Linux s390 Architecture development
 help / color / mirror / Atom feed
From: sashiko-bot@kernel.org
To: "Anthony Krowiak" <akrowiak@linux.ibm.com>
Cc: linux-s390@vger.kernel.org, kvm@vger.kernel.org,
	"Heiko Carstens" <hca@linux.ibm.com>,
	"Alexander Gordeev" <agordeev@linux.ibm.com>,
	"Vasily Gorbik" <gor@linux.ibm.com>
Subject: Re: [PATCH v3 05/15] s390-vfio-ap: Callback to get/set vfio device mig state during guest migration
Date: Tue, 30 Jun 2026 11:11:41 +0000	[thread overview]
Message-ID: <20260630111142.08F0A1F00A3A@smtp.kernel.org> (raw)
In-Reply-To: <20260630104132.1598851-6-akrowiak@linux.ibm.com>

Thank you for your contribution!
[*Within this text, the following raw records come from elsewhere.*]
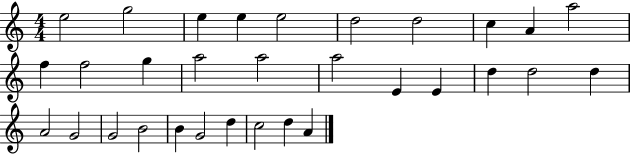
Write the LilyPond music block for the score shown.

{
  \clef treble
  \numericTimeSignature
  \time 4/4
  \key c \major
  e''2 g''2 | e''4 e''4 e''2 | d''2 d''2 | c''4 a'4 a''2 | \break f''4 f''2 g''4 | a''2 a''2 | a''2 e'4 e'4 | d''4 d''2 d''4 | \break a'2 g'2 | g'2 b'2 | b'4 g'2 d''4 | c''2 d''4 a'4 | \break \bar "|."
} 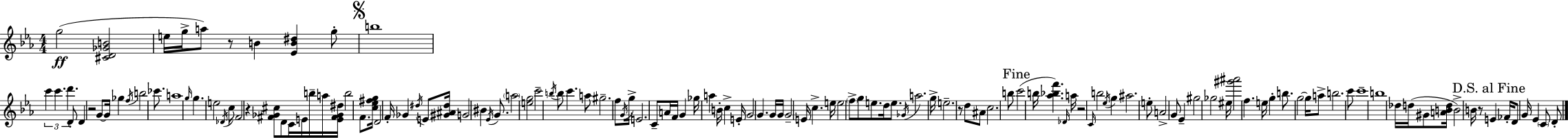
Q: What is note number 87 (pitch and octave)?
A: A5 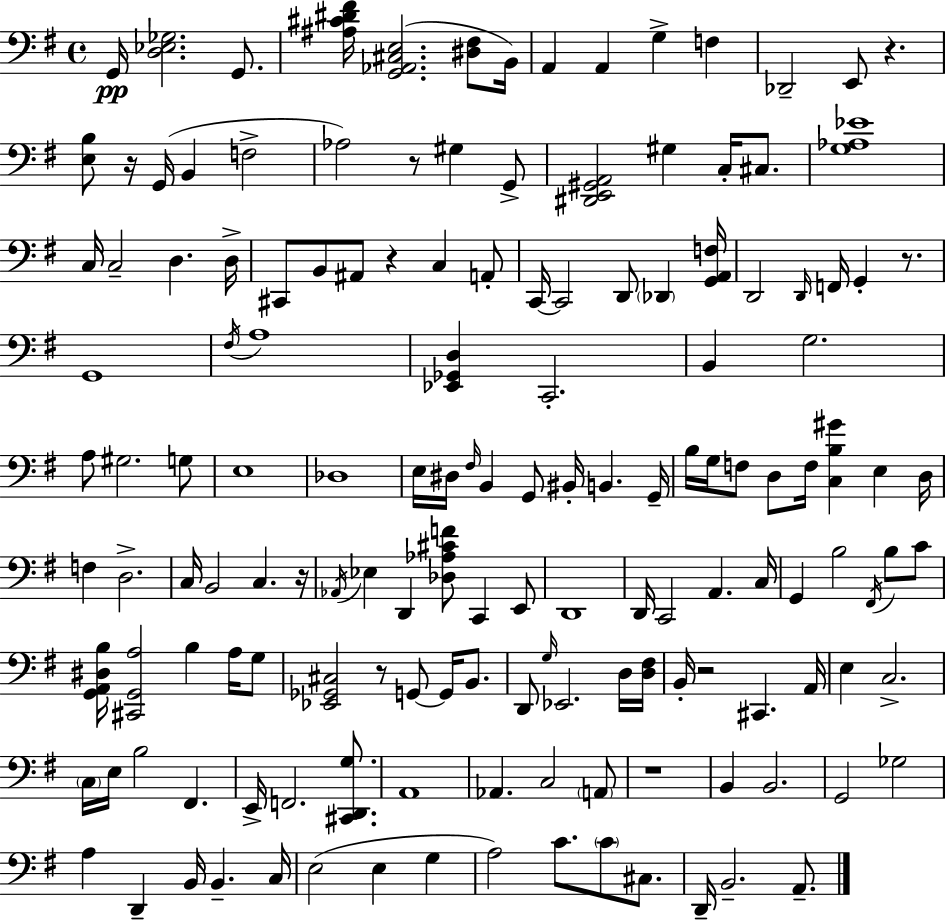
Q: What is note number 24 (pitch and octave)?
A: B2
Sashiko AI review found 5 potential issue(s) to consider:
- [Critical] Race condition in `vfio_ap_release_mig_file` accessing `mig_data` without locking, resulting in Use-After-Free and memory leak.
- [High] Removal of migration file cleanup logic from vfio_ap_reset_migration_state leaves stale file pointers, causing resource leaks.
- [High] The device state is not updated to VFIO_DEVICE_STATE_ERROR when a state transition fails.
- [Medium] Unratelimited dev_err allows unprivileged users to flood the kernel log.
- [Medium] Use of global mutex for device-specific state operations allows cross-VM interference.
--

commit d82cbc8a070306f90cbac1743dbb46ba5b58d080
Author: Anthony Krowiak <akrowiak@linux.ibm.com>

s390-vfio-ap: Callback to get/set vfio device mig state during guest migration

Implements two callbacks related to the current state of a vfio-ap device:
* The callback that sets a new migration state of a vfio-ap device during
  live migration of guests with pass-through access to AP devices. This
  callback is mandatory for VFIO_DEVICE_FEATURE_MIGRATION support.
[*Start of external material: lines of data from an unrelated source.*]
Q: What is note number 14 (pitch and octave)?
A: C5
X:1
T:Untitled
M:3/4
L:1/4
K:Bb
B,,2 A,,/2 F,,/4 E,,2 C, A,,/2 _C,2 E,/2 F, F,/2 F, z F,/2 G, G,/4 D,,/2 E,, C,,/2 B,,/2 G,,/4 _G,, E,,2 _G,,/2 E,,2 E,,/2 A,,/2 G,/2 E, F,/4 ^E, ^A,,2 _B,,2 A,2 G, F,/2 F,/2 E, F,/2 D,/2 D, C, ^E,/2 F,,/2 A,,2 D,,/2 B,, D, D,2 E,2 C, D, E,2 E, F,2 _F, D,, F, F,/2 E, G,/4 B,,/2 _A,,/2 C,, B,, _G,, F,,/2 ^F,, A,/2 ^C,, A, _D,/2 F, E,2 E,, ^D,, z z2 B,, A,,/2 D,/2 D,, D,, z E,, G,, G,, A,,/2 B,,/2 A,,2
  The function pointer for this callback is specified via the
  'migration_set_state' field of the 'vfio_migration_ops' structure
  which is stored with the VFIO device when the 'vfio_device'
  structure representing the mediated device is initialized.

* The callback that returns the current vfio device migration state during
  live migration of guests with pass-through access to AP devices.

  The function pointer for this callback is specified via the
  'migration_get_state' field of the 'vfio_migration_ops' structure
  which is stored with the VFIO device when the 'vfio_device'
  structure representing the mediated device is initialized.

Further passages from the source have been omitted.